On 31 October 1991 Carr sailed from Charleston for her second operation deployment, assigned to the Commander, Middle East Force. En route the Red Sea, Carr made port visits to the Alicante, Palma Majorca, Spain, Naples Italy, Athens Greece and Hiafa Israel, then transited the Suez Canal. During this deployment, Carr spend the first half assigned to tanker escort duties in the Strait of Hormuz and Maritime Interdiction Force in support of UN sanctions of Iraq. The later part of the cruise was spent operating in the Northern Red Sea, conducting electronic surveillance and early warning duties for the units operating to the south. Carr left the Red Sea the end of March 1991 and returned to Charleston a month later.

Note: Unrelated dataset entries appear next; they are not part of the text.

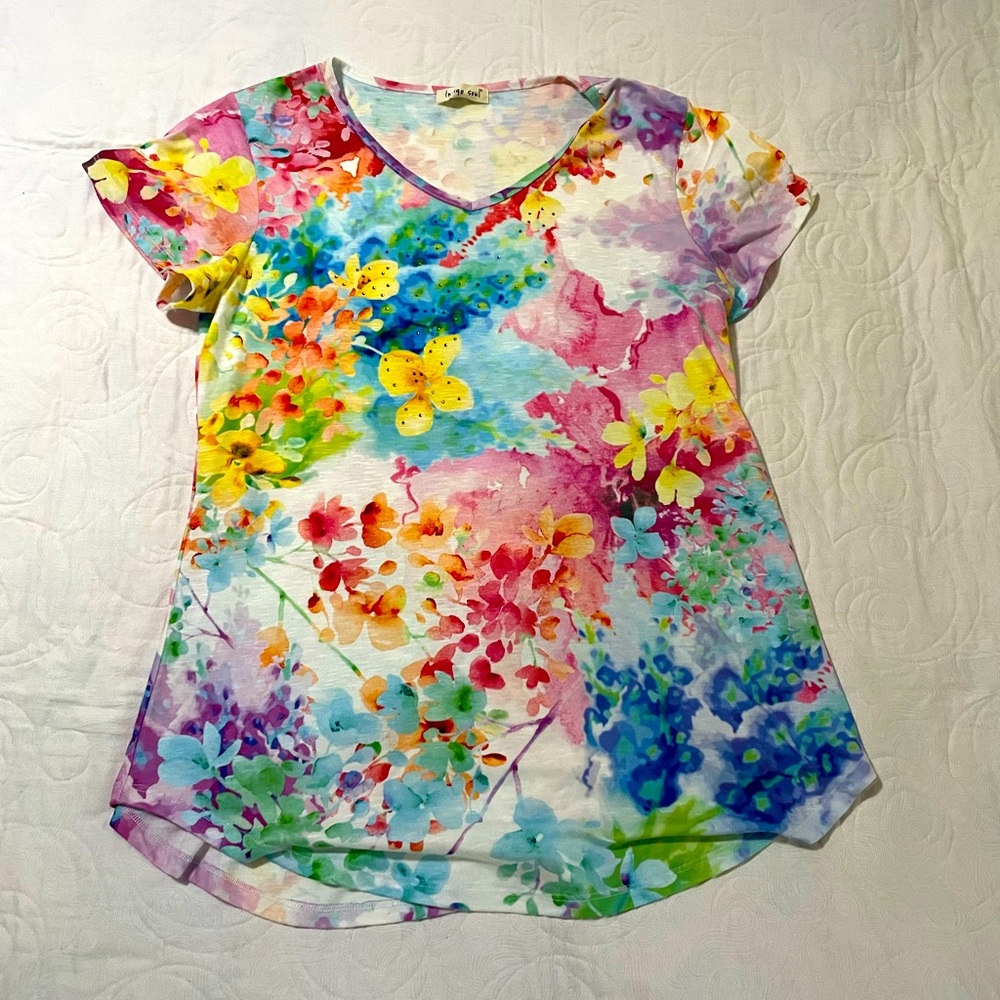 Indigo Soul Floral Water-color V-Neck Cut Tee Size Medium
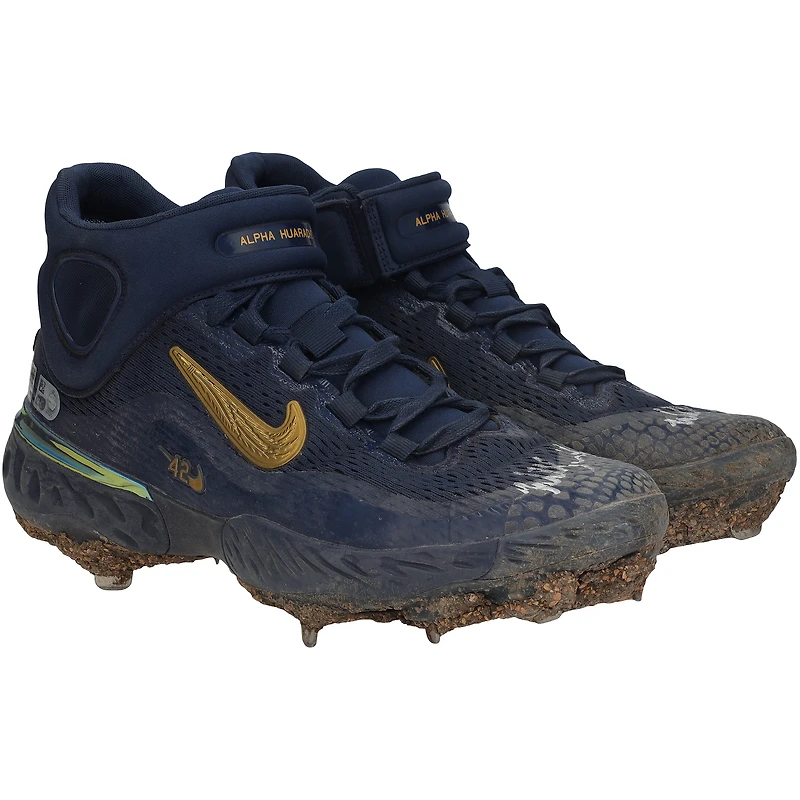 Crampons Nike bleu marine autographiés par les Dodgers de Los Angeles, portés lors de la saison 2024 de la MLB.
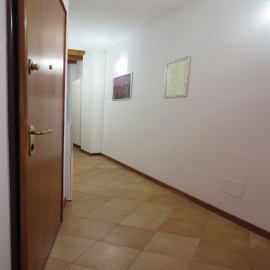 Appartamento arredato incentro ad este in affitto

Cooperative Engagement Capability
The Carr underwent major upgrades in 1995, leading to two dual missile firing operations near Puerto Rico testing a new generation of wireless-networked targeting and weapons systems.

Change of command and final two deployments

In October 2010, Carr's final change of command took place pier side in Norfolk, Virginia when Commander Patrick Kulakowski relieved Commander Eric Ver Hage. Carr completed a dry-docking availability at NORSHIPCO in Norfolk to close out 2010 before completing a January–February COMPTUEX in preparation for deployment. In June, 2011 Carr arrived in Staten Island, NY for New York City Fleet Week and Boston, MA for Dorchester Day.  On 14 June 2011 (returned 15 Nov 2011) Carr departed for a combined Northern European Theater Security Cooperation Deployment and Caribbean Countering Illicit Traffic deployment.  Countries visited included the Azores, England, Russia, Finland, Estonia, Lithuania, Latvia, Poland, Norway, Scotland, Cuba, Panama, Costa Rica, and Curaçao.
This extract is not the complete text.